Problem description: When you reach the line that contains "Boy sitting besides" in the data below, start reproducing lines exactly, and stop after the line that contains "Photographer tourist traveler".

Recorded data
────────────────────────────────────────

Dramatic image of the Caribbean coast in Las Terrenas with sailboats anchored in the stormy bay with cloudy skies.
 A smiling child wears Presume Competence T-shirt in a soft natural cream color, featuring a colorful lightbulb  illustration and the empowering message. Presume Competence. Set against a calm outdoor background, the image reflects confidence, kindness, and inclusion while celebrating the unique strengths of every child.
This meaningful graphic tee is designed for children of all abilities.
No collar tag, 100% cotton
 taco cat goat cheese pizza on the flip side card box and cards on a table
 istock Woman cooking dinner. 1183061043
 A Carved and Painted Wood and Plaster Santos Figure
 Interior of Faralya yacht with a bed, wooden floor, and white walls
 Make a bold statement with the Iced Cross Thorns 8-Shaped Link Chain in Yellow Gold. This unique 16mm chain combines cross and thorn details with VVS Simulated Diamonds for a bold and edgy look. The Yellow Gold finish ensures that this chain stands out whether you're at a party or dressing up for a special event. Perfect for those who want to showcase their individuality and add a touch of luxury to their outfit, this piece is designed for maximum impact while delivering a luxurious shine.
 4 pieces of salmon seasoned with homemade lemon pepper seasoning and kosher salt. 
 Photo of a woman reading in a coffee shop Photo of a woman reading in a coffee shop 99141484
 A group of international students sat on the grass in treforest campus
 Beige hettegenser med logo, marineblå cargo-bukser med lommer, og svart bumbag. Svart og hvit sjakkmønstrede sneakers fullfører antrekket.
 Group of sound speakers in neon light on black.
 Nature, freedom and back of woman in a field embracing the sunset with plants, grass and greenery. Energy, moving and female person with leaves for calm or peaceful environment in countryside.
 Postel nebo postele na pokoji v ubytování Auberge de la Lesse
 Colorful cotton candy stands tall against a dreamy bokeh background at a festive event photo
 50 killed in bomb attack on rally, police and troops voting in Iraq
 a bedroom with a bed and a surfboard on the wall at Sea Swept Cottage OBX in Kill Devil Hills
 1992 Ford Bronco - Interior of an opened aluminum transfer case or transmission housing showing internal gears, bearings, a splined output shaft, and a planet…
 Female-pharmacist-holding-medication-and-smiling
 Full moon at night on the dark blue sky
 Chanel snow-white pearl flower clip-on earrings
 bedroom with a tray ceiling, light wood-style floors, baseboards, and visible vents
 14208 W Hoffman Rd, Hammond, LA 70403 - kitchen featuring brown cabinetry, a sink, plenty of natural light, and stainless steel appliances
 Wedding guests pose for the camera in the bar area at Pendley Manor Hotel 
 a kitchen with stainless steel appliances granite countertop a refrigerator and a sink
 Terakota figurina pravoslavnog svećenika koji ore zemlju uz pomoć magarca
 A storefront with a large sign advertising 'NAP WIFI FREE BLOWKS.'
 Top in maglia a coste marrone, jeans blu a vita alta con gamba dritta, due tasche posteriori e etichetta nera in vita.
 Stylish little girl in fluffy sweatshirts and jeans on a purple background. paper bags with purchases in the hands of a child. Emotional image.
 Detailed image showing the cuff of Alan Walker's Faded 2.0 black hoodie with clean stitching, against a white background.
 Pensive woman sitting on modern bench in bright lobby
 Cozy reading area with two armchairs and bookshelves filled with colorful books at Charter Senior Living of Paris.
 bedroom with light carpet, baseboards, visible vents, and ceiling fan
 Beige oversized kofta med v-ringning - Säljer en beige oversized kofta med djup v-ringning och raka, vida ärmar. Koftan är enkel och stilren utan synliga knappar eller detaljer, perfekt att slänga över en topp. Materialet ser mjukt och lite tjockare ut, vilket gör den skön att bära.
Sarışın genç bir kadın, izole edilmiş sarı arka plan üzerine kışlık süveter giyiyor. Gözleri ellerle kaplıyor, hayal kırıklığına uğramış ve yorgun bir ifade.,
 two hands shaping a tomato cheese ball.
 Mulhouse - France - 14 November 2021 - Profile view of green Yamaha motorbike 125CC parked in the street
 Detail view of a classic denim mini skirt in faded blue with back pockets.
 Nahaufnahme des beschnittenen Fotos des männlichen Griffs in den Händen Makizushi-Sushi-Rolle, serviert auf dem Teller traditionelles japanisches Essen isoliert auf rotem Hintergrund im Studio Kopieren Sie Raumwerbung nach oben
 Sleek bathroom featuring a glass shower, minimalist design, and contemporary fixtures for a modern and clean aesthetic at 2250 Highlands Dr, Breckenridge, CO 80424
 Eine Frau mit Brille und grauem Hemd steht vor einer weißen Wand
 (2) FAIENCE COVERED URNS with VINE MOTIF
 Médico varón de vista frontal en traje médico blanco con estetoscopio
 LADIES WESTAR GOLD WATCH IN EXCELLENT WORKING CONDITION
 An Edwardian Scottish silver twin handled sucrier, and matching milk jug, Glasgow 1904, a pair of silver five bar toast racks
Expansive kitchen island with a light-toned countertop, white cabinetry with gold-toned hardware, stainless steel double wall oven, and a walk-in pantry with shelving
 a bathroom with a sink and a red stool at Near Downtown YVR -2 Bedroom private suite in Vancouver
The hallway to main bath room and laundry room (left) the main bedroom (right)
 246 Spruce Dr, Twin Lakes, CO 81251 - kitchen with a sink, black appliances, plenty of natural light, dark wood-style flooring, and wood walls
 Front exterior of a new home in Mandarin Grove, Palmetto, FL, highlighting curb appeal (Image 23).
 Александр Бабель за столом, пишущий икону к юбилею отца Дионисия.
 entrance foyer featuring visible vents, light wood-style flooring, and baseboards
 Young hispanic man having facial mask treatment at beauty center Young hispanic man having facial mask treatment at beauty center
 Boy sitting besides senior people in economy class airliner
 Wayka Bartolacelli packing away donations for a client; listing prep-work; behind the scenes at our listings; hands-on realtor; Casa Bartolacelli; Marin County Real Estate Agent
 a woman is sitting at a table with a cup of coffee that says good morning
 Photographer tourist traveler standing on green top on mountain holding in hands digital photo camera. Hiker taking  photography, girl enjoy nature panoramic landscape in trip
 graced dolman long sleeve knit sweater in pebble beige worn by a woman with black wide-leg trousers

────────────────────────────────────────

Written reply:
 Boy sitting besides senior people in economy class airliner
 Wayka Bartolacelli packing away donations for a client; listing prep-work; behind the scenes at our listings; hands-on realtor; Casa Bartolacelli; Marin County Real Estate Agent
 a woman is sitting at a table with a cup of coffee that says good morning
 Photographer tourist traveler standing on green top on mountain holding in hands digital photo camera. Hiker taking  photography, girl enjoy nature panoramic landscape in trip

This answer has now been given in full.